Following the testimony of Dr. Askew, Mrs. Worley was recalled by the defendant, and, on cross-examination by the defendant, testified in part as follows: “I lived at Monroe, Georgia, before I came to Atlanta. I lived there one year. My name then was Mary Worley. I lived there it was five years in August. Sixteen years ago I was living at Lula, Georgia, on a farm. My name was Mary Worley then. I have been married twice. My name before I married Mr. Worley was Mary Harbin, and my maiden name was Mary Miller. Nineteen years ago I was living at Lula, Georgia, when I hurt my knee. I was living at Crawford, below Athens, when I had an automobile accident some several years ago. . . I did not have a knee injury then nor a leg injury. . . This was in *8991934. . . The only injury to my leg before this was 16 years ago at Lula. Dr. Jolley at Homer operated on me then. He lived over there about Homer somewhere, Homer, Georgia.”
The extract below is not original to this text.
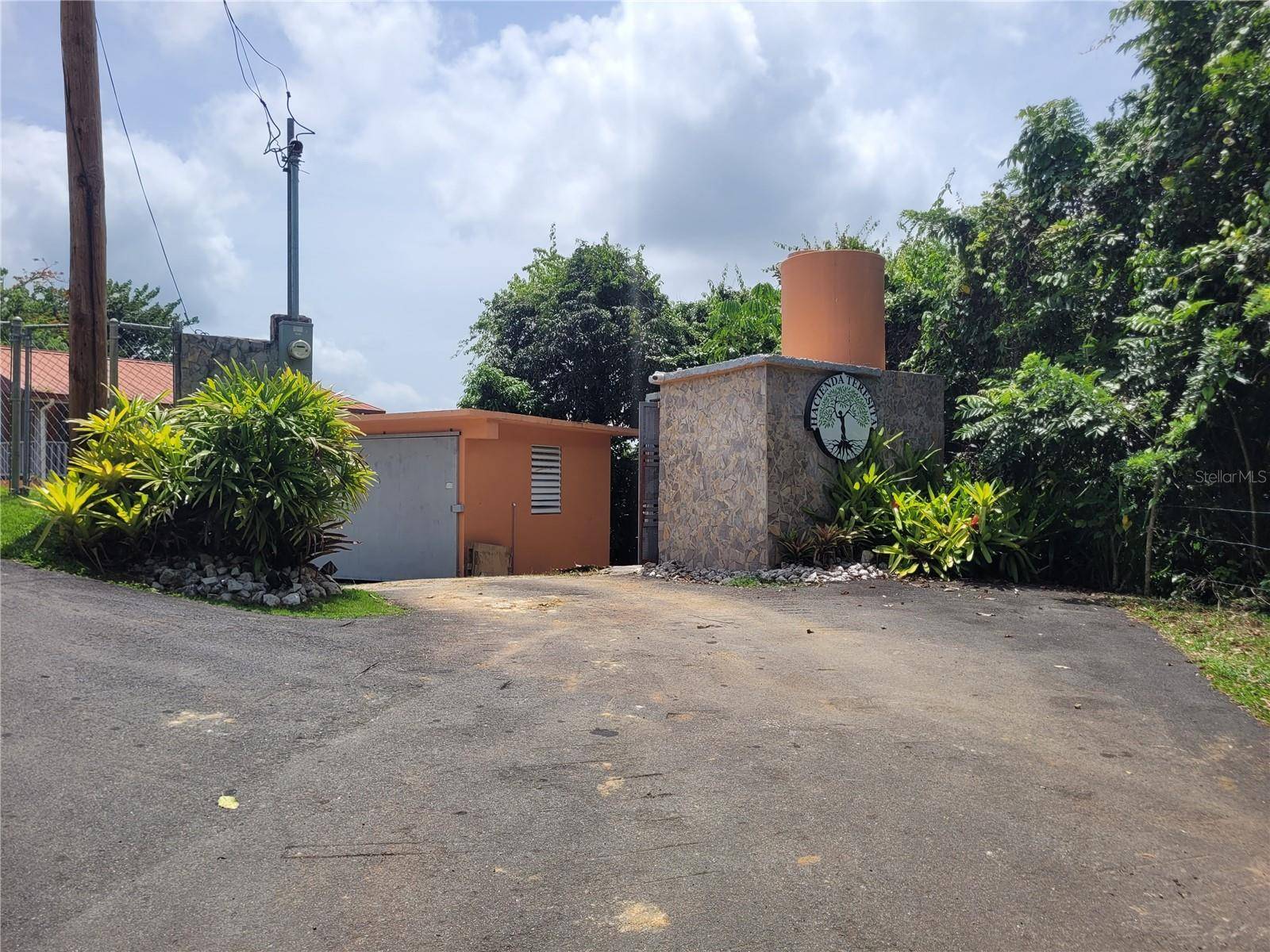 Aguas Buenas, PR 00703,PR156 MULAS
It cannot be said that the defendant did not offer any evidence whatsoever with respect to the plaintiff’s prior injury. It appears that the defendant took the position on the trial that the plaintiff had sustained no injuries to or disability of her knee, and sought to maintain such a position even when faced with the plaintiff’s admission of an injury sixteen years before the trial. If the plaintiff’s knee was normal and not disabled one month after the collision on which the suit was based, as stated by Dr. Askew, then neither the collision nor the previous injury had anything to do with the injury on account of which the plaintiff sought recovery of damages, and in this respect the defendant’s evidence was strongly in conflict with the evidence adduced by the plaintiff. The same is true of the newly discovered evidence relied upon as a ground for a new trial, and hence it is merely cumulative and impeaching in its nature.
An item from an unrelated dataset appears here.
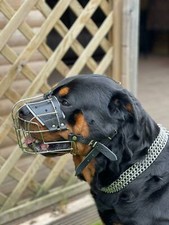 New Metal STRONG Wire Basket Dog Muzzle Rottweiler,Mastiff Golden Retriever etc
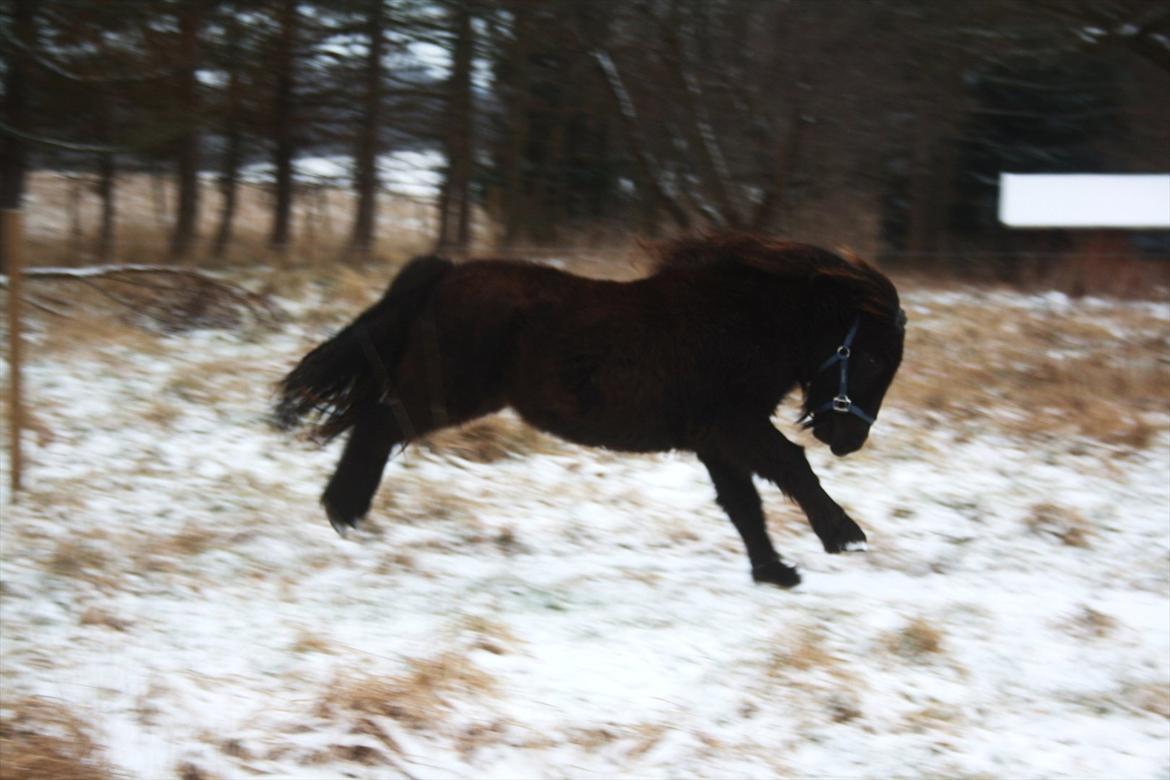 Shetlænder Stjernens Lord Speed billede 11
Moreover, the evidence above stated has some bearing upon the showing of diligence, on the part of the movant and his counsel, in discovering the new evidence. The only action which appears to have been taken to determine whether the plaintiff had a prior injury was to examine both of the plaintiff’s physicians by deposition; “neither made any statement that would indicate that her knee had been injured prior to the time'of the accident on which the above case is predicated.” It does not appear that any inquiry was made of them concerning a prior injury. And, if the plaintiff had “a large scar about two inches long” on her right knee in 1950, as sworn to in the affidavit made by Mrs. Hassie Williams, such a scar should have been sufficient to put the defendant on notice, through Dr. Askew, who conducted a thorough examination of the plaintiff’s knees on July 27, 1951, that the plaintiff had received a previous injury. It does not appear that any inquiry was made of the plaintiff herself as to her having sustained a prior injury to her knee. When the movant and his counsel, on the trial of the case, learned of the prior injury and of where it occurred, they made no motion for a continuance or a suspension of the trial (See Monday v. State, 32 Ga. 672 (7); Bray v. Freeman, 32 Ga. App. 99, 122 *900S. E. 623), but instead chose to risk a verdict. The court was authorized to find that the movant and his counsel could have discovered the new evidence by the exercise of slight diligence; and that, if the movant was surprised by the plaintiff’s admission of her prior injury, he could not take his chances of winning a verdict and then obtain a new trial on newly discovered evidence under the circumstances as here disclosed.

Accordingly, the motion for a rehearing is denied.